Tash Peterson, 27, is well-known on social media for her vegan activism and is no stranger to controversy.

She gained notoriety in 2019 for accosting shoppers at Coles, dressed as a blood-soaked abattoir worker, and holding a fake dead chicken under her arm.

She also blasted sounds from animals, reportedly recorded in slaughter houses, and held a sign that read “Coles/Woolworths – Tell them the truth”.

But her latest stunt – which involved her storming the Bathers Beach seafood restaurant in Fremantle in March to tell diners they were participating in the “fish holocaust” – was what saw her banned from all licensed venues.

RELATED: Wild scenes as protester storms seafood restaurant

Taking to Instagram, Ms Peterson said police hand-delivered the ban at her Perth home.

“The police came to my house this morning to serve a barring notice (Liquor licenced premises ban) upon me for a sea life @seaspiracy protest that I did last month highlighting the sea life holocaust caused by the fishing industry,” she wrote.

“This is a clear example of how so called freedom of speech is not actually freedom of speech at all.”

Speaking in the video, Ms Peterson said she was no longer allowed to enter anywhere that sells liquor – including bottle shops, nightclubs and bottle shops.

If she does attempt to enter any of those premises, she will be charged with trespassing and face a $10,000 fine.

Ms Peterson said the barring notice had little impact on her, because she was planning on leaving Western Australia.

“Guess what WA, I’m getting the f**k out of here anyway, so I can continue to do my protesting in other states in places that sell alcohol because this ban only applies in Western Australia,” she said.

Ms Peterson said the barring notice was being used to “silence activists” and she was planning on appealing it, despite her plans to leave.

“I’m probably going to be over east in one month’s time and I’m flying out on Monday so I’m not sure if I’ll have time to appeal it,” she said.

The 27-year-old said things like barring notices and fines encouraged her to continue protesting.

“It’s insane the number of places that I’ve been banned form and the charges I’ve received for trying to create awareness about an animal holocaust … things like this are not going to stop me and it’s only going to fuel my fire to continue protesting,” she said.

Ms Peterson defended her protest at Bathers in May, arguing media coverage of her stunt made it a success.

“Would the media attention my protests receive exist if I stood outside of a business and did a more peaceful speech? No,” she said, following criticism of her speech.

“Would this article exist if I didn’t cause some chaos and disrupt? No.

“Would this article exist if I decided to start some conversations and educate people about the animal holocaust?
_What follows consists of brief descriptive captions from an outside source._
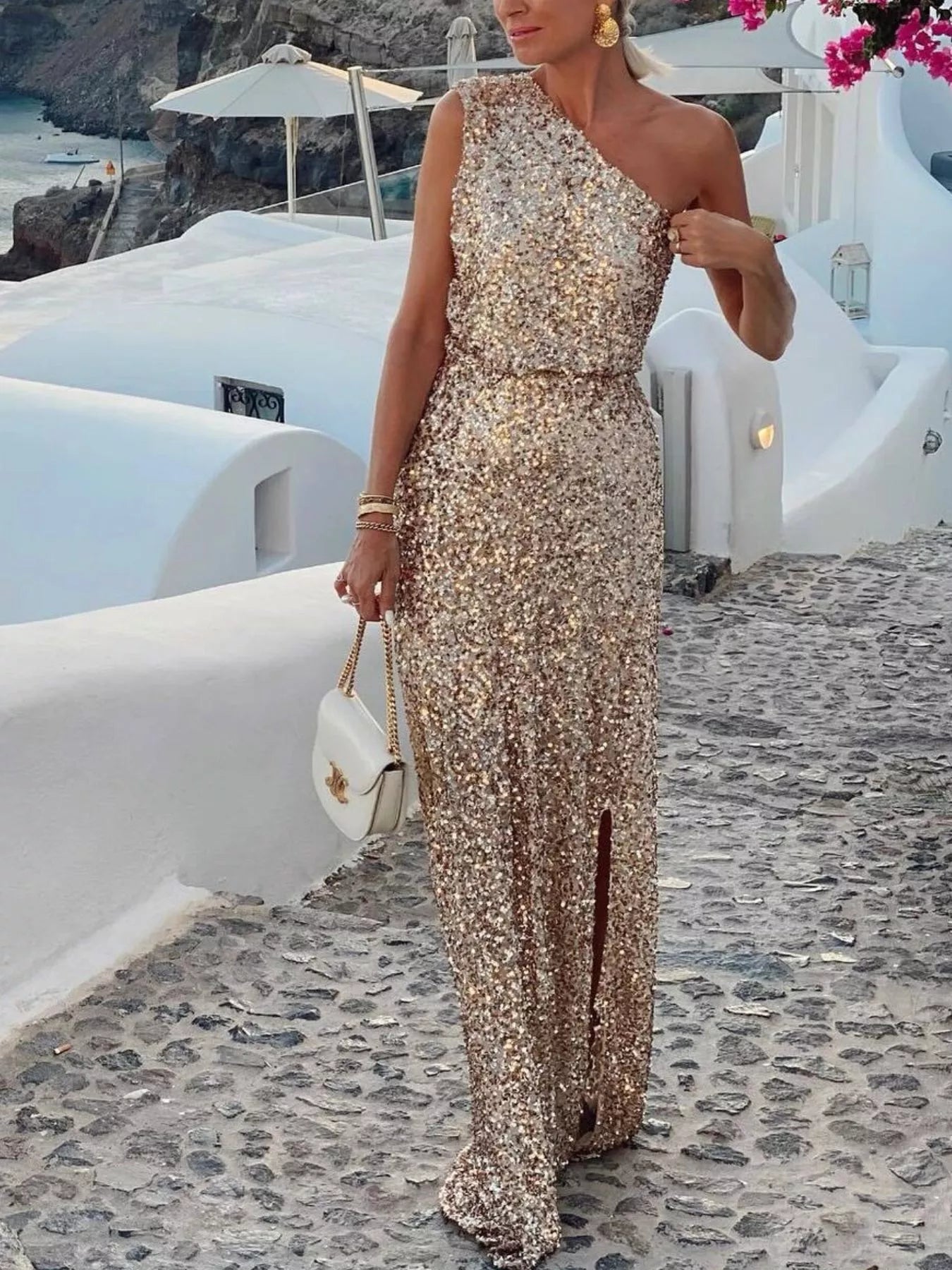 Sequin One-Shoulder Slit Maxi Dress – Elegant Glamorous Evening Wear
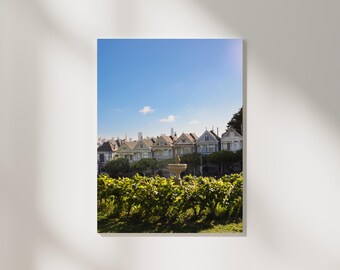 Casas de mujeres pintadas, San Francisco, California, impresión de bellas artes, fotografía de viajes, arte de pared de estilo de vida, decoración del hogar, descarga digital instantánea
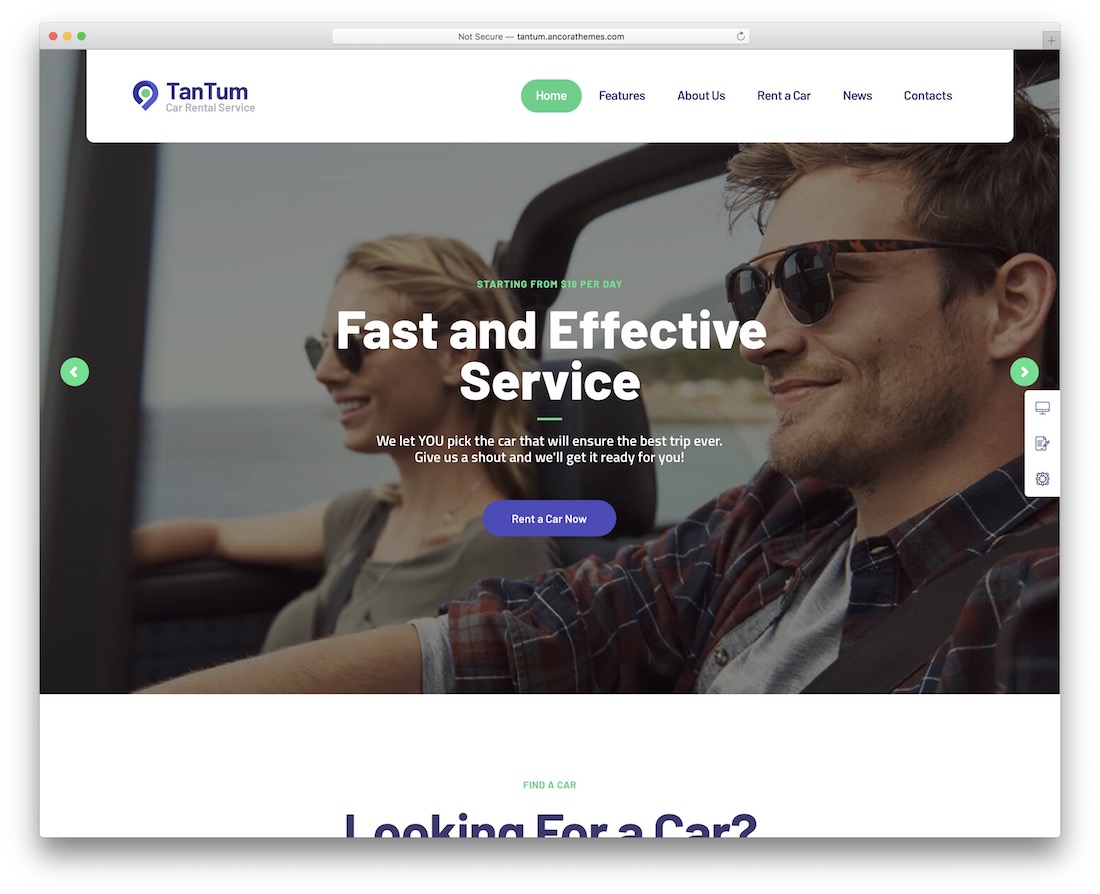tantum taxi car rental service wordpress theme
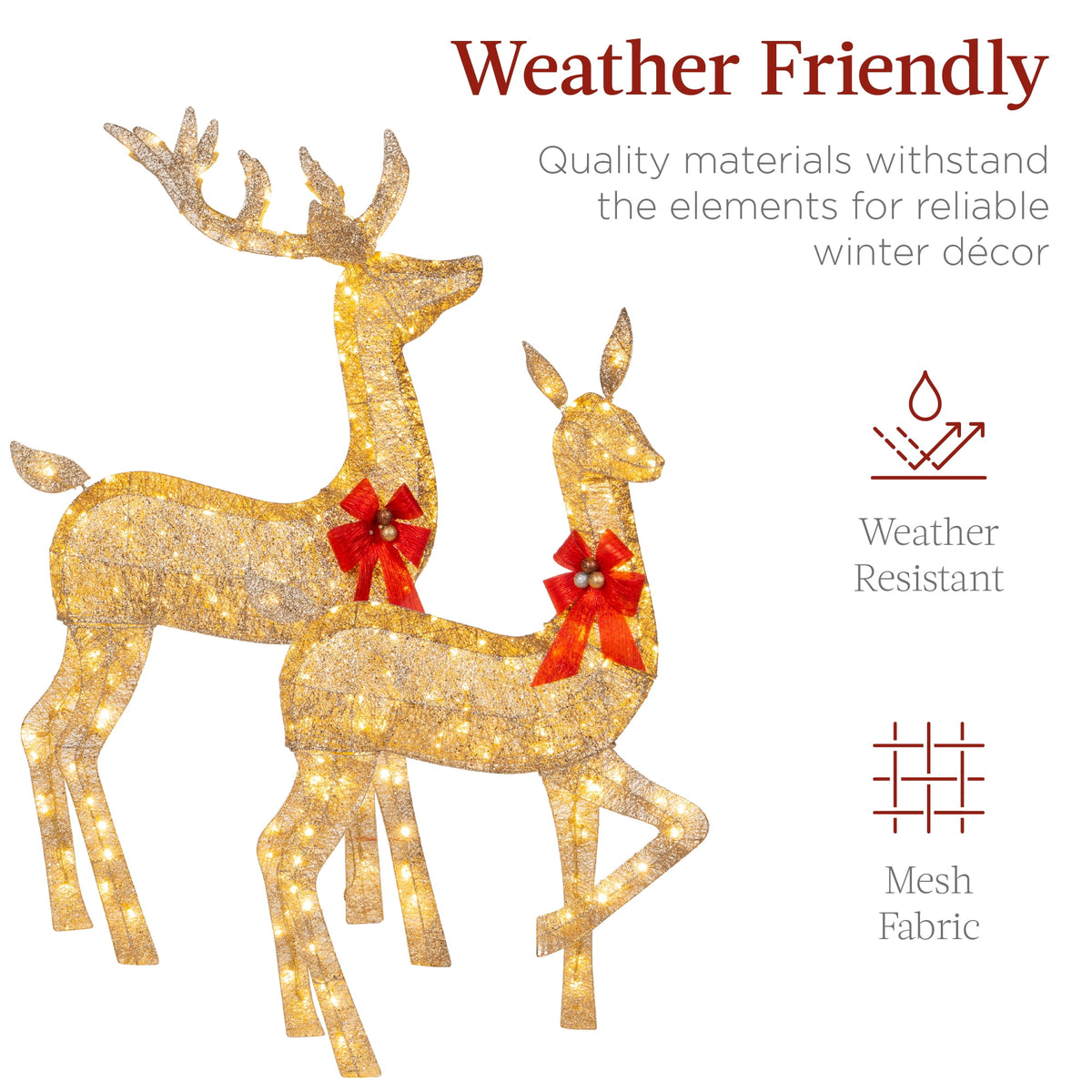 Best Choice Products 3-Piece Lighted Christmas Deer Set Outdoor Yard Decoration w/ 360 LED Lights, Stakes - White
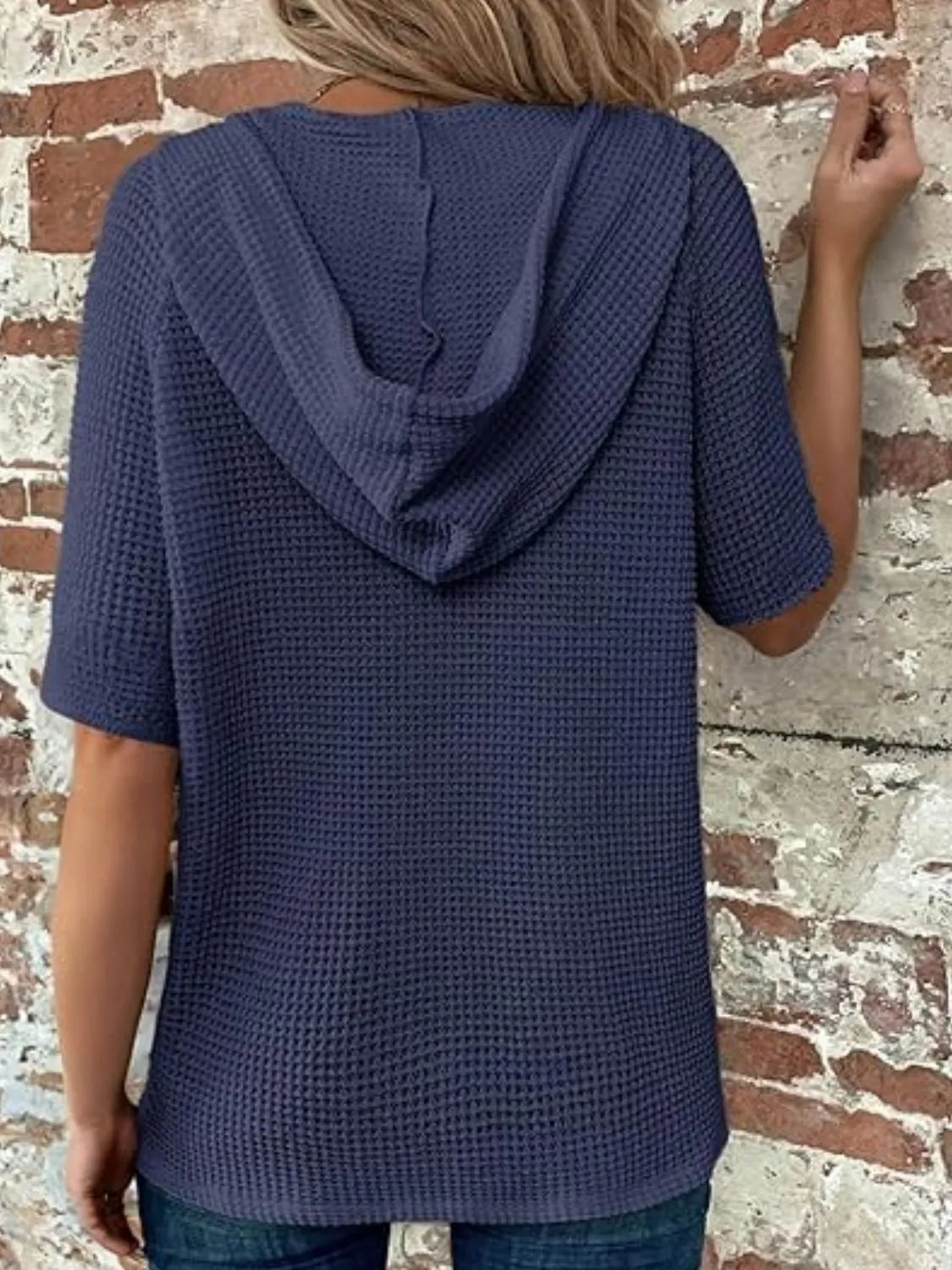 Drawstring Waffle-knit Short Sleeve Hooded Top (26)
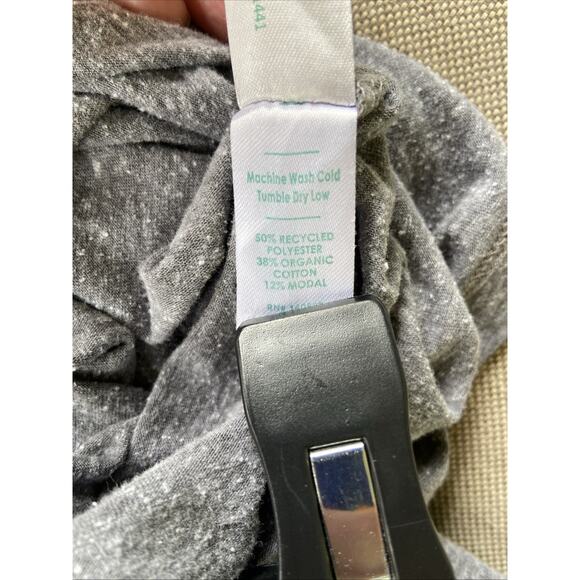 Marine Layer Re Spun Gray Slub Knit Tropical Palm Pocket Tee Tshirt Womens Large - Picture 6 of 6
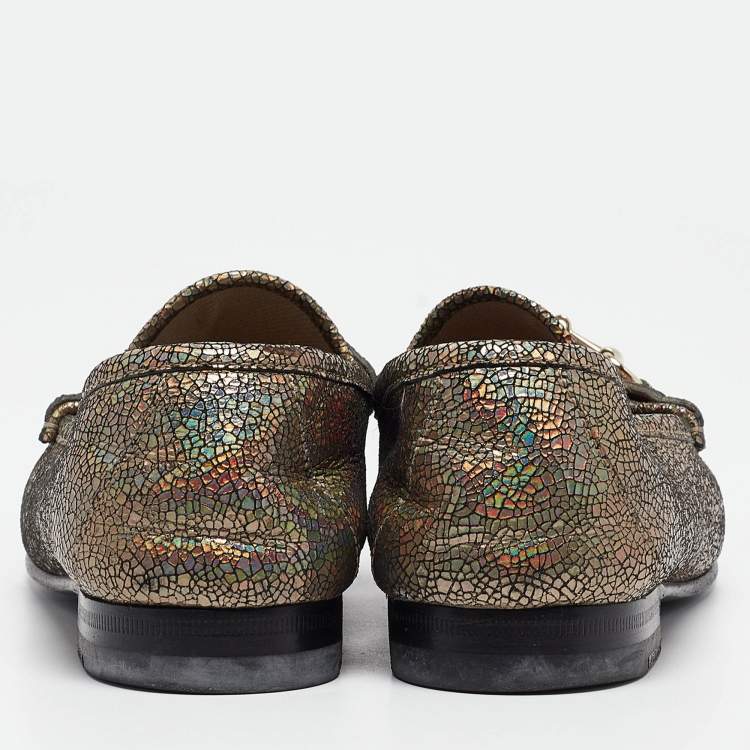 Pre Owned Gucci Multicolor Foil Textured Leather Horsebit Slip On Loafers Size 36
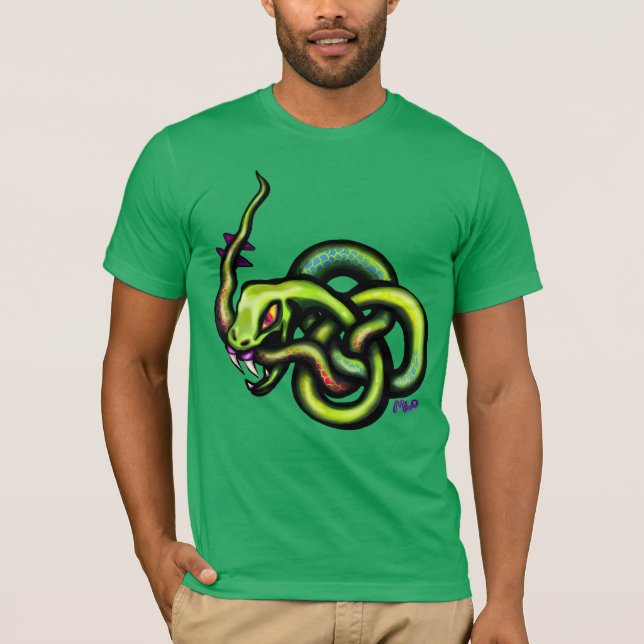 Camiseta Tatuagem de Nó Celular de Ouroboros Cobra (Frente)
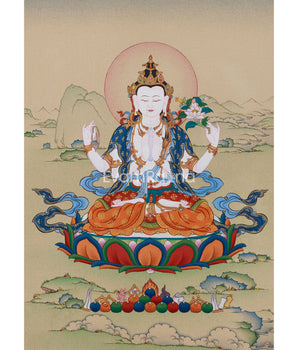 four-armed-chenrezig-buddha-thangka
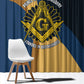 Prince Hall Freemasonry Window Curtain Square and Compasses Gold Blue Geometric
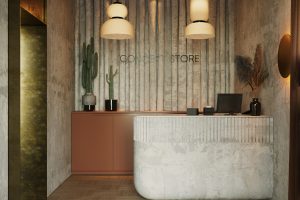 深圳市龍崗區(qū)平湖定制服裝店裝修設(shè)計前臺3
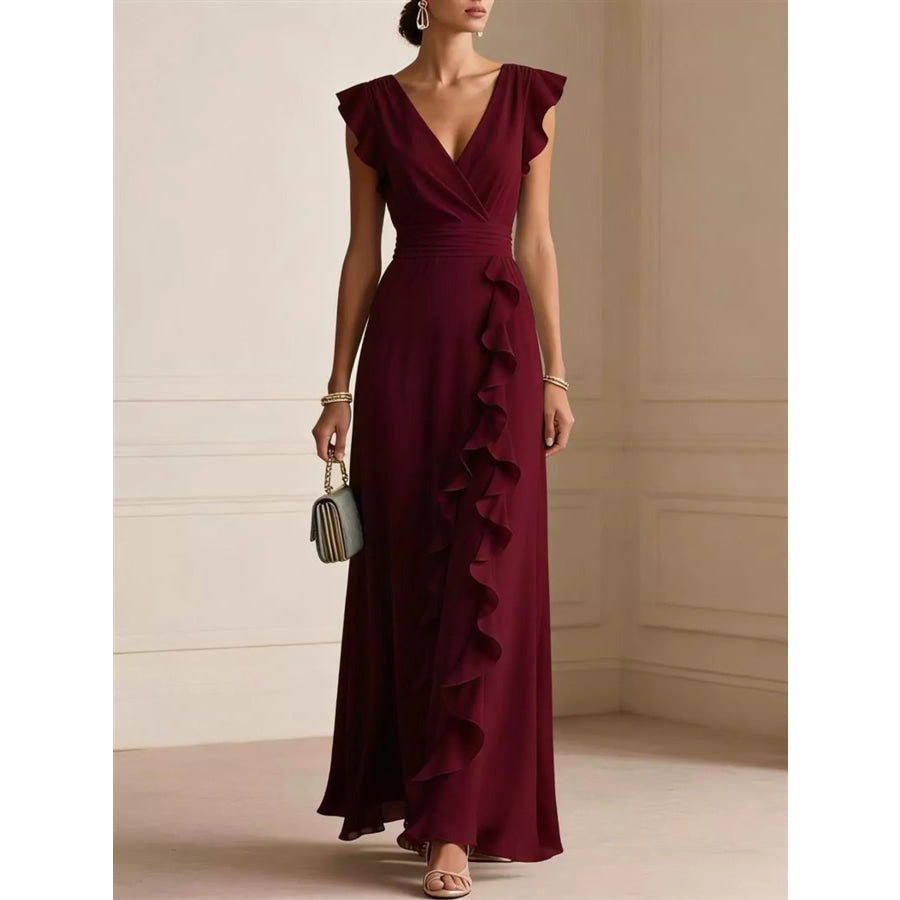 Ruffled Surplice Sleeveless Maxi Dress Burgundy / S Apparel and Accessories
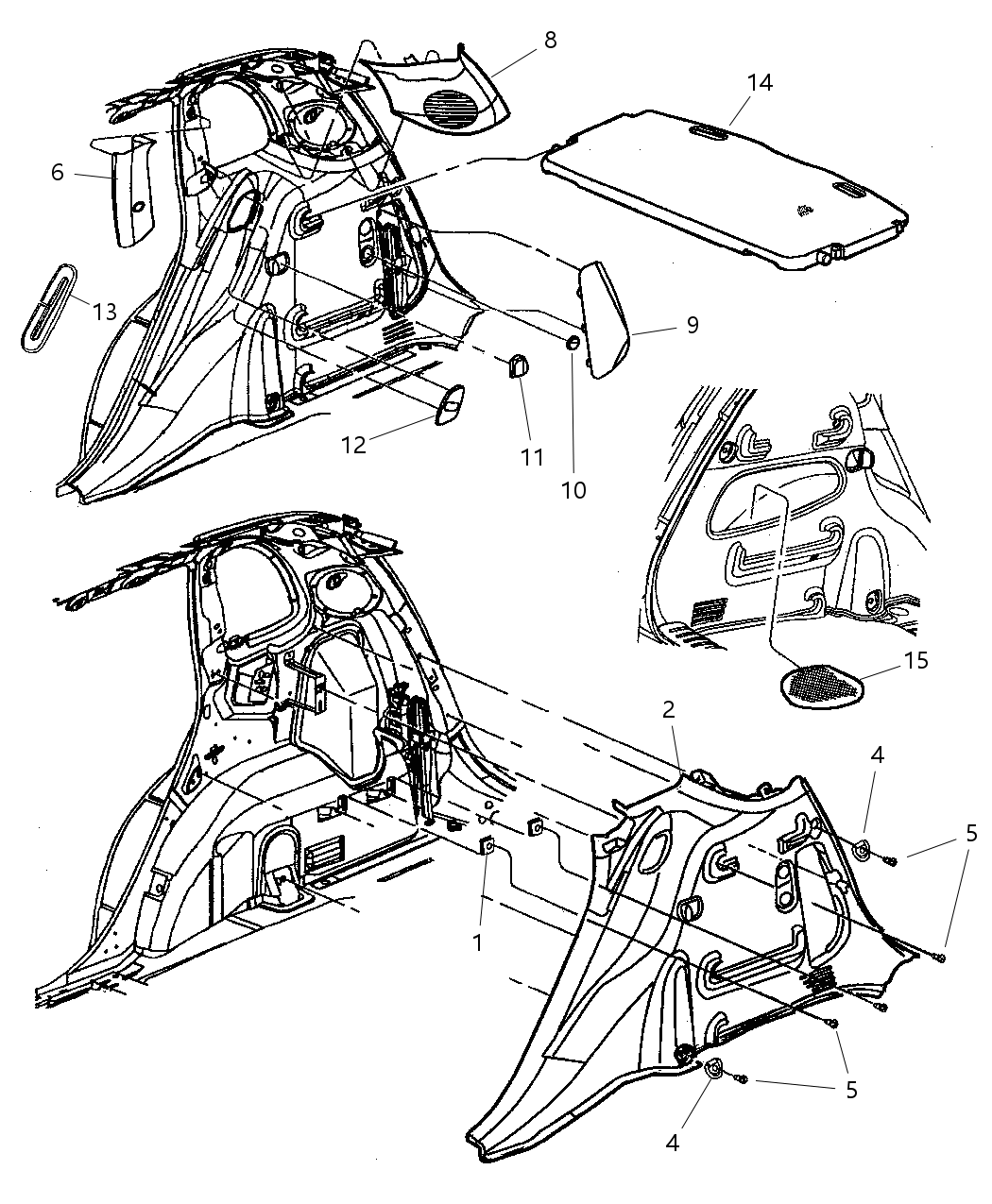 Mopar RJ75WL8AD Panel Quarter Trim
No.

“My protests aim on reaching an audience via media attention, not to reach people in that moment. You can reach thousands, if not millions more people via disruptive protesting rather than having a conversation with ten or so people.

“This is how social change is created. This is how gay rights went from a criminal offence to a constitutional right. This is how women went from having no voting rights to being able to vote. They all disrupted. They were highly criticised and disliked by the majority. But within a short period of time – the majority supported their rights and unjust laws were changed.

“Disruption is the greatest weapon of social change. It is essential to disrupt if we want the world to listen and talk about animal rights, and it is vital to the movement’s success.”